The root context would keep the existing behavior, and conceptually we
can view it as a root/default module.
Root context userland symbols would not automatically be visible to
runtime modules.
A module would see its own symbols, PHP internal/builtin symbols, and
symbols from its direct dependencies. This maps fairly naturally to a
Composer style model where a package depends on PHP and on other
packages, but not implicitly on application/root symbols.
Just to make it clearer, composer related, I see it this way:
- each package would be defined in its own module
- module dependencies would map directly from Composer package dependencies
One possible userland API shape I have been using to experiment with is:
module_add_dependency(string $module): void
module_run(string $module, Closure $closure): mixed
module_add_dependency()declares a module dependency for the current module.module_run()executes the passed closure in the specified module context.- All execution contexts have attached to them the module they were
defined for, and any new symbols defined while an execution runs would
have the same module. The exception ismodule_run(), which overrides
the closure module before running it.
The exact API is not the main point at this stage, but I aim to keep it minimal.

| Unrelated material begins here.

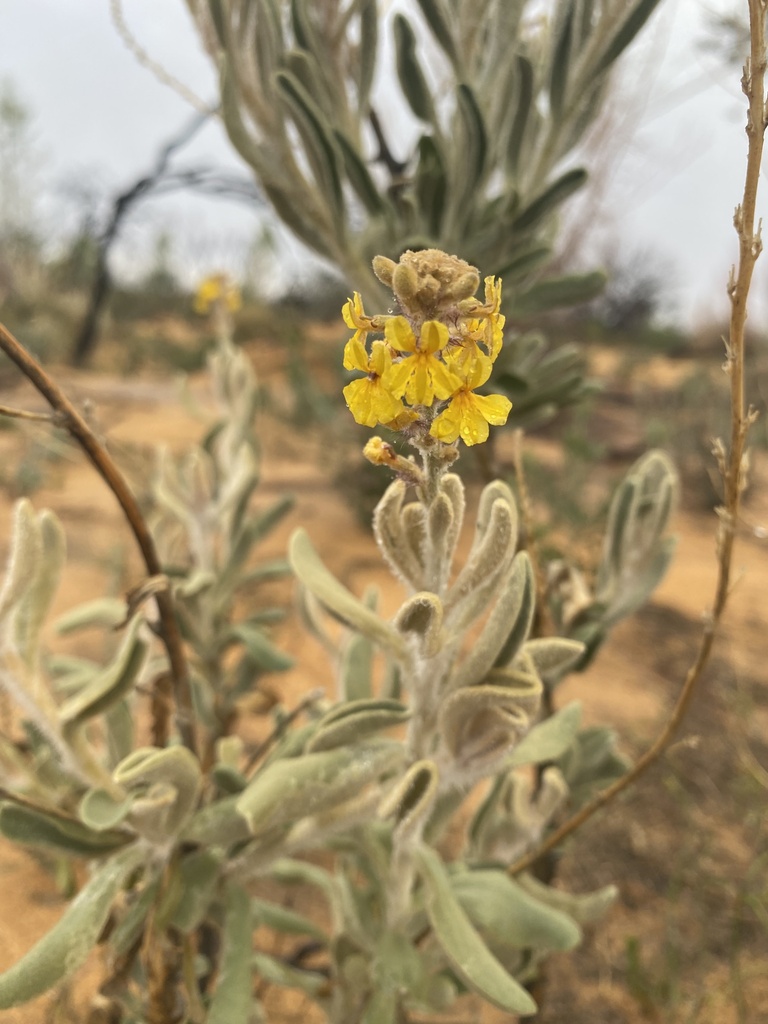 Goodenia etheira (Goodenia etheira)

I am more interested in whether the model itself is reasonable.
Technically, the engine would need to track module ownership for
compiled code and symbols, keep per-module symbol tables and direct
dependency lists, and make lookup, type resolution, autoload, and
include_once behavior module aware.
Also, due to the dynamic nature of PHP, objects can be passed to
module code that might not have their class known, but I do not see
this as a blocker.
The design I have been considering also rejects visible shadowing:
unrelated modules may define the same symbol name, but adding a
dependency or declaring a later symbol would fail if it makes two
different symbols with the same name visible from the same context.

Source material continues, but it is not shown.